María Luisa and María de Jesús served partial sentences and were reportedly released in the early 1990s. Their whereabouts remain an enduring mystery. Folklore places one of them in Veracruz, another in the outer fringes of Guatemala.
Others say they never made it out—that vengeance may have come on the outside trails of Mexico’s ungoverned corners.
The Curse That Lingers
To this day, locals whisper about Rancho El Ángel, now overgrown and uninhabited. Some claim they hear cries in the wind at night—others swear they've stumbled upon clothing, aged chains, or weather-worn headstones hidden in brush.
Culturally, the Poquianchis case inspired books, university papers, and the 1976 film Las Poquianchis. Feminist scholars in Mexico often refer to the sisters in dichotomous terms—as both victims of patriarchal abuse and perpetrators of extreme violence.

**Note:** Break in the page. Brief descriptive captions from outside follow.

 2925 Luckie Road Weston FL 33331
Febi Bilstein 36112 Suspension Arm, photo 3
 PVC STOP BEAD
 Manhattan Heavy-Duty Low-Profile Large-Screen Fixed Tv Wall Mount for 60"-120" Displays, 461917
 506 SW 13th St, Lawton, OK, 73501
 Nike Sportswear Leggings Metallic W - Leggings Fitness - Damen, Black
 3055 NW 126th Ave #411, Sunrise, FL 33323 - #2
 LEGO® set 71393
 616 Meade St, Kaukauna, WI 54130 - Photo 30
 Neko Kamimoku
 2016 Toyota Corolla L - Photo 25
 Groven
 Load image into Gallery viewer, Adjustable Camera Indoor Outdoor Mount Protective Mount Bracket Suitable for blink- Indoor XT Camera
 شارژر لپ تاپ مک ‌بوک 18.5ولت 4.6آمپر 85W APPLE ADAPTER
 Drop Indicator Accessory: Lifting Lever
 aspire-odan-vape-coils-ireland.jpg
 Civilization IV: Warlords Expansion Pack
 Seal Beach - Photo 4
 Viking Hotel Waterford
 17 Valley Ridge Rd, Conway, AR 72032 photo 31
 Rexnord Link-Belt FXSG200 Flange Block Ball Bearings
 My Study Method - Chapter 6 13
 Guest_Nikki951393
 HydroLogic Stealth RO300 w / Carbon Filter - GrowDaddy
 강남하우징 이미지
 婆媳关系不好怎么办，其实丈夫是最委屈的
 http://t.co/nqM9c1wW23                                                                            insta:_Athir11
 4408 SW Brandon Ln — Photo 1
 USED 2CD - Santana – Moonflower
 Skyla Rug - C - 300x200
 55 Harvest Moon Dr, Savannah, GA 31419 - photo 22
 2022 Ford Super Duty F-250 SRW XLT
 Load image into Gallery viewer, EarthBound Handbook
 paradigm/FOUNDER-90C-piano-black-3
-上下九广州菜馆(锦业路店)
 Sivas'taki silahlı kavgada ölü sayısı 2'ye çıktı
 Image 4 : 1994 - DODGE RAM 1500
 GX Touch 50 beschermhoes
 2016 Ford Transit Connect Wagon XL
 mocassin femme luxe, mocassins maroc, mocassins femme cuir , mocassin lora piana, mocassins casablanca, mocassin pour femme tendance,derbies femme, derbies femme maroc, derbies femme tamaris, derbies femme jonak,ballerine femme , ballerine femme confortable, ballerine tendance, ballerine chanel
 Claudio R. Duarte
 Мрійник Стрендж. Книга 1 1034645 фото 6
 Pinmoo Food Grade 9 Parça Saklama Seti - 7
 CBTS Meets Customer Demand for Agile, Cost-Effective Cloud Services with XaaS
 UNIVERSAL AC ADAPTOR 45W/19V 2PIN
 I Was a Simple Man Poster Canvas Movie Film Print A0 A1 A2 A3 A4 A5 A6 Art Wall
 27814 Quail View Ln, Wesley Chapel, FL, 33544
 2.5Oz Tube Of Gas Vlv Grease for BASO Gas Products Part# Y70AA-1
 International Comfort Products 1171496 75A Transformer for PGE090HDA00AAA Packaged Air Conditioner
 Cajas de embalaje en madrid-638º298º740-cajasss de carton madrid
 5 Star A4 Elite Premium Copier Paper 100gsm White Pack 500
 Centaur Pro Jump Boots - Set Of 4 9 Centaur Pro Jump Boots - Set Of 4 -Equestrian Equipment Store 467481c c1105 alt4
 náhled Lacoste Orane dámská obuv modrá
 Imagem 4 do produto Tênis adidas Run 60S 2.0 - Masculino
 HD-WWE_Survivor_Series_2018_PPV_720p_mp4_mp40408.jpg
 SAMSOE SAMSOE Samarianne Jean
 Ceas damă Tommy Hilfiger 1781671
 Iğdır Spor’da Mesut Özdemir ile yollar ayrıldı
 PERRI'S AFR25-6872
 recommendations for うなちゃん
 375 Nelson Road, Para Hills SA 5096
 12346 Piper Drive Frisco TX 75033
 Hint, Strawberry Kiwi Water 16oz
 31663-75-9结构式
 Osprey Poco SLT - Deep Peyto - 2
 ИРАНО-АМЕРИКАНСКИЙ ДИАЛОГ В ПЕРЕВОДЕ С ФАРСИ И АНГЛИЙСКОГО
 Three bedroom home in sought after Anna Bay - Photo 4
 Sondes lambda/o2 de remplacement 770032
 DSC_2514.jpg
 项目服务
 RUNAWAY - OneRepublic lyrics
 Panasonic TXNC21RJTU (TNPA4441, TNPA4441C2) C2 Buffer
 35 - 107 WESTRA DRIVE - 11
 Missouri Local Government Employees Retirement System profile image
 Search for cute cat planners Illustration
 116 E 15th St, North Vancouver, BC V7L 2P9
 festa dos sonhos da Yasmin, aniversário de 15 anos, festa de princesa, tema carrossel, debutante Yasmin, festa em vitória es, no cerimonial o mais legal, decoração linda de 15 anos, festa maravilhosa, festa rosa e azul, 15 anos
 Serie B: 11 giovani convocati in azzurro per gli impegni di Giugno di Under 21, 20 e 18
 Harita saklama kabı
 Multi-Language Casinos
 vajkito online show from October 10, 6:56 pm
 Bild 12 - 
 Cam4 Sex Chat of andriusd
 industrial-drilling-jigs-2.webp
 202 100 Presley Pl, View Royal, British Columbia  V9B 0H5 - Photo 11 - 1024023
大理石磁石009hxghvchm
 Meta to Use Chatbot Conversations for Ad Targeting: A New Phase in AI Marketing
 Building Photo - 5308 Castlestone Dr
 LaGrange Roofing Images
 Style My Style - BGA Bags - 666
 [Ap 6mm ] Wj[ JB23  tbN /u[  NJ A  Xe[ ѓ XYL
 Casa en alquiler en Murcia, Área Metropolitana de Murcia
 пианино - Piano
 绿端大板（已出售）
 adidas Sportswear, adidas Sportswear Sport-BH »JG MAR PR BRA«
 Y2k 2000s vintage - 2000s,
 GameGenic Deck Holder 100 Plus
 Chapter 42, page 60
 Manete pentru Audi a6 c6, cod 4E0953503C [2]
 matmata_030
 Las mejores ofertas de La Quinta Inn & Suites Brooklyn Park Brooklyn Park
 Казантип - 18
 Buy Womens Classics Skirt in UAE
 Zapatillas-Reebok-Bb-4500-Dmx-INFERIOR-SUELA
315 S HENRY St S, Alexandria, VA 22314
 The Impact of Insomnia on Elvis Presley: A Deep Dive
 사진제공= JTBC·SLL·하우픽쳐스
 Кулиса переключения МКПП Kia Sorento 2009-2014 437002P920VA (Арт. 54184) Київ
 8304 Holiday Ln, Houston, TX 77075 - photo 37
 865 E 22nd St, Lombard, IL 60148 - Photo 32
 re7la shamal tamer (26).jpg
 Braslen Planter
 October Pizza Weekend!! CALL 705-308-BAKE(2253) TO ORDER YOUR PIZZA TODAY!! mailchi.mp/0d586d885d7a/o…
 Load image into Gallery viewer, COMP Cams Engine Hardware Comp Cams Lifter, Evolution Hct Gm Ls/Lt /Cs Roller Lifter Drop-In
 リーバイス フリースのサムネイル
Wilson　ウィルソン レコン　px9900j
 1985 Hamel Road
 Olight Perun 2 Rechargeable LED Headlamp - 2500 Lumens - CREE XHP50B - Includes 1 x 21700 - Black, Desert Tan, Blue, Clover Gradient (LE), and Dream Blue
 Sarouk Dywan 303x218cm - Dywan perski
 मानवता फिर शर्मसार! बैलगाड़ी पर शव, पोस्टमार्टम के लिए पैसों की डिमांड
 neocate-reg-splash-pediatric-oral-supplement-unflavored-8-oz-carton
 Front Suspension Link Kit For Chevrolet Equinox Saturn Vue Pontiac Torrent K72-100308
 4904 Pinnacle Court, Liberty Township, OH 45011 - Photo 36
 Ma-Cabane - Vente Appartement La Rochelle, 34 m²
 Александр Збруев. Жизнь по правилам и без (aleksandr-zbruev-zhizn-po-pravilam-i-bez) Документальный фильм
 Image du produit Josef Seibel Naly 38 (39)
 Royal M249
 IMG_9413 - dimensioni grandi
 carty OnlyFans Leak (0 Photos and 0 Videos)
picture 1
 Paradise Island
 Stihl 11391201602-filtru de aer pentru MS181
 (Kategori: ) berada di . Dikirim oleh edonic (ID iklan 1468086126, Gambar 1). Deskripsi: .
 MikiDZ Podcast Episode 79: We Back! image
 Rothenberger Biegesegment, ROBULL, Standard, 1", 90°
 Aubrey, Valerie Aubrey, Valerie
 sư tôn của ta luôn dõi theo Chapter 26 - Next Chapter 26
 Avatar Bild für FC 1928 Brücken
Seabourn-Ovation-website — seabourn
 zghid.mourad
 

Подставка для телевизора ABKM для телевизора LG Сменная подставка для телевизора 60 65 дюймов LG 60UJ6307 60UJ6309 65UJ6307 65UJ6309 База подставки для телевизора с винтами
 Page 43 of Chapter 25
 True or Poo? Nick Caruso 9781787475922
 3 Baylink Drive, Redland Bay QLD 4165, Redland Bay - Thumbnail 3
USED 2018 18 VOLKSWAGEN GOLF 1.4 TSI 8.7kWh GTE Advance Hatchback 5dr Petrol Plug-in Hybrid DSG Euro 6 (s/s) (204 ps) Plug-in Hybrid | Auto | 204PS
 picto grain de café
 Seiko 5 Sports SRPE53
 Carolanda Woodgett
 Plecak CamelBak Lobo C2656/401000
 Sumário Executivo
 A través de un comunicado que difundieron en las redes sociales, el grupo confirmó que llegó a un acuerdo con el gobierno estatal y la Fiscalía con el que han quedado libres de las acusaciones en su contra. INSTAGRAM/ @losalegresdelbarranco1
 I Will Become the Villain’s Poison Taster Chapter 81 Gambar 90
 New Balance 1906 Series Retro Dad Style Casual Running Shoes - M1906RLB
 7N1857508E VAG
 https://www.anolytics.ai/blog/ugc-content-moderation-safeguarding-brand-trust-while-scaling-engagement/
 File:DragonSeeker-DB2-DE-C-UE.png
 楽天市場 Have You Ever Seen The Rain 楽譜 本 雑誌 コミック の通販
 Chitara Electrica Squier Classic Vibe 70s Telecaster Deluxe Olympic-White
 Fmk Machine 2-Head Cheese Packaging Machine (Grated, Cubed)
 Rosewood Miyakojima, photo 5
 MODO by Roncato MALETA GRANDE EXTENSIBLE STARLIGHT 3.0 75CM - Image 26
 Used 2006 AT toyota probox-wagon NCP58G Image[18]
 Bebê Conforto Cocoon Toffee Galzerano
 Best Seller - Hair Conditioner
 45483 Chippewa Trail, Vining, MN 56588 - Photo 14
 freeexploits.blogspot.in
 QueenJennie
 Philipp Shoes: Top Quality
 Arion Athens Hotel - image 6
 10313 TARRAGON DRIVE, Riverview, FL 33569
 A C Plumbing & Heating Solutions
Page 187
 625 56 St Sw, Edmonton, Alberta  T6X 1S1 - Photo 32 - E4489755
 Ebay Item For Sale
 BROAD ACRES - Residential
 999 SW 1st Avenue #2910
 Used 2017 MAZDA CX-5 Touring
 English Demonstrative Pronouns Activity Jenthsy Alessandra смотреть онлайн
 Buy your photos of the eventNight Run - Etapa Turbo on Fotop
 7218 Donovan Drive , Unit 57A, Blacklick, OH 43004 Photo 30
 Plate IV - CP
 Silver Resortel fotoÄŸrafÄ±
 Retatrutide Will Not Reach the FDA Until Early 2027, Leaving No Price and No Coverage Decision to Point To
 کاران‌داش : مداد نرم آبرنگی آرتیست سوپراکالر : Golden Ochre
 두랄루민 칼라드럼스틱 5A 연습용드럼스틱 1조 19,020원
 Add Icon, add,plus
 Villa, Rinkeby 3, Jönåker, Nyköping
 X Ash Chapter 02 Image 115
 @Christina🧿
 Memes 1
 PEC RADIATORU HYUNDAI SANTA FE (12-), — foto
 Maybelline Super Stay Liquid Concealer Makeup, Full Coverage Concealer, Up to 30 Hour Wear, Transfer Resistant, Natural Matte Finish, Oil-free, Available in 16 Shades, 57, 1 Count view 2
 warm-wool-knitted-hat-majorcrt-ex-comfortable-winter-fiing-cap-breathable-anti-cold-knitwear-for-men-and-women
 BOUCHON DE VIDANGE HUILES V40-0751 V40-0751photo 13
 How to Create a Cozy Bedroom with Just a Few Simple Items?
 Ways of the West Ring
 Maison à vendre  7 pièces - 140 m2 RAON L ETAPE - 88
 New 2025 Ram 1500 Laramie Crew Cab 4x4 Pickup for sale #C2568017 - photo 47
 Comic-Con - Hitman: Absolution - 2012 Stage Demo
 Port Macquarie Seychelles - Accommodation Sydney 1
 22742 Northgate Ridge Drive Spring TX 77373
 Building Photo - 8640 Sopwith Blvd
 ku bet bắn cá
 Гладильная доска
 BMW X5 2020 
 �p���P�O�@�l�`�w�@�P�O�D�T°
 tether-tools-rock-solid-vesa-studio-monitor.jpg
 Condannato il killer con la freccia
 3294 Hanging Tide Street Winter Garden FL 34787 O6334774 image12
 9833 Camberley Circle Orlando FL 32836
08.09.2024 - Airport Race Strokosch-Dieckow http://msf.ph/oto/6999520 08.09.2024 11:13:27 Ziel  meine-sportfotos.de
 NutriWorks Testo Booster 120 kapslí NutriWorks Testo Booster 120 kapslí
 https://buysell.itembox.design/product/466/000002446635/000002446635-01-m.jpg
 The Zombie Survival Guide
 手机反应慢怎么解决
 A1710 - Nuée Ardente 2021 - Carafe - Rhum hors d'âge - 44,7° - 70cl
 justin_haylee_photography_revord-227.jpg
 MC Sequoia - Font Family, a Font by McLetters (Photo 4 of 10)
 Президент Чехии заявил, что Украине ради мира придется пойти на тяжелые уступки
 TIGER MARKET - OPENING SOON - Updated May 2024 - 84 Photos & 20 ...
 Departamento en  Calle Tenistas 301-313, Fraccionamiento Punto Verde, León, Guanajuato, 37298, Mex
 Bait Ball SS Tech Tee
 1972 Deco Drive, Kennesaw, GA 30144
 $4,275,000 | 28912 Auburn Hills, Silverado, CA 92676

True Crime Trivia: The Poquianchis case is cited by criminologists as one of the few known sibling-led, female-run organized homicide syndicates in the world. It’s still used in U.S. and Latin American criminology courses as a case study on gender and deviance in crime enterprises.
In 2002, criminology professor Rosa María Torres López used the Poquianchis case as the foundation of a seminar on “Women as Criminal Architects” at UNAM (Universidad Nacional Autónoma de México). It was one of the first academic explorations in Latin America asking whether systemic violence and trauma could explain female criminal masterminds—not just their actions, but their pathology.
Their crimes spanned years, crossed city lines, and ended lives long before the soil revealed the truth.